Return, word for word, only the lines of the data below that lie between the line with "Clusters of ripe" and the line with "tpwallet官网下载平台注册：提升肌肉效果：智能增肌健身", those two lines included.

===== Extracted records =====

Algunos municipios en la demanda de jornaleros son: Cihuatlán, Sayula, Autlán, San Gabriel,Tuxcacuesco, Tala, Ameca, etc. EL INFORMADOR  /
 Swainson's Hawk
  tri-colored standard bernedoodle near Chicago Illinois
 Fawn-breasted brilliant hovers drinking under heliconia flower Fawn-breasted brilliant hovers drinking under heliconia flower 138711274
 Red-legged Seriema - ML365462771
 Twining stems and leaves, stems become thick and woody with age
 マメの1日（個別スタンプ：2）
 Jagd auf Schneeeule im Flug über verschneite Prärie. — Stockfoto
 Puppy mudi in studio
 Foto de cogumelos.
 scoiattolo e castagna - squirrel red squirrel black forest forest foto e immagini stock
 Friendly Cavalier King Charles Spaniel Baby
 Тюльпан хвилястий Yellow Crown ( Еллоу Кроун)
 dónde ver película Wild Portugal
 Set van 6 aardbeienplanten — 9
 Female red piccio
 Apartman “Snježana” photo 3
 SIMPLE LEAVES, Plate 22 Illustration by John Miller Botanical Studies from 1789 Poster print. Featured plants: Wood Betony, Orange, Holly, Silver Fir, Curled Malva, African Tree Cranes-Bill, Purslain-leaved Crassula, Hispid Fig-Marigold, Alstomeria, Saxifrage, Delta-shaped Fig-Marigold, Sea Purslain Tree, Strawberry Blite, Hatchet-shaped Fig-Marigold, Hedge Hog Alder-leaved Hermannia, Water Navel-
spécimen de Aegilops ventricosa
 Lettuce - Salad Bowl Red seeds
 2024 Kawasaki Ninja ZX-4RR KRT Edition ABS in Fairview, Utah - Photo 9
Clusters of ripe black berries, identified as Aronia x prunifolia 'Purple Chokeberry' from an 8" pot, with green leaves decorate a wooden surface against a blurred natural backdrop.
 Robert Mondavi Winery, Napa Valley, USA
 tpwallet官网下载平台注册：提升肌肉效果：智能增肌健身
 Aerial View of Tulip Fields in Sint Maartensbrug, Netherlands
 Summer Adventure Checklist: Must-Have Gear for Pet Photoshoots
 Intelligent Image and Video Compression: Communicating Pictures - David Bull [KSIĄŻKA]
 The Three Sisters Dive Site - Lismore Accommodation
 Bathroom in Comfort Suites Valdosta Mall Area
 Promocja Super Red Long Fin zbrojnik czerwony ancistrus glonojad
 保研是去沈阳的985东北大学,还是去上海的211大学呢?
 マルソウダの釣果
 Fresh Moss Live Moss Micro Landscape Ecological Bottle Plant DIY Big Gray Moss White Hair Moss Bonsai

=====

● Result for this task:
Clusters of ripe black berries, identified as Aronia x prunifolia 'Purple Chokeberry' from an 8" pot, with green leaves decorate a wooden surface against a blurred natural backdrop.
 Robert Mondavi Winery, Napa Valley, USA
 tpwallet官网下载平台注册：提升肌肉效果：智能增肌健身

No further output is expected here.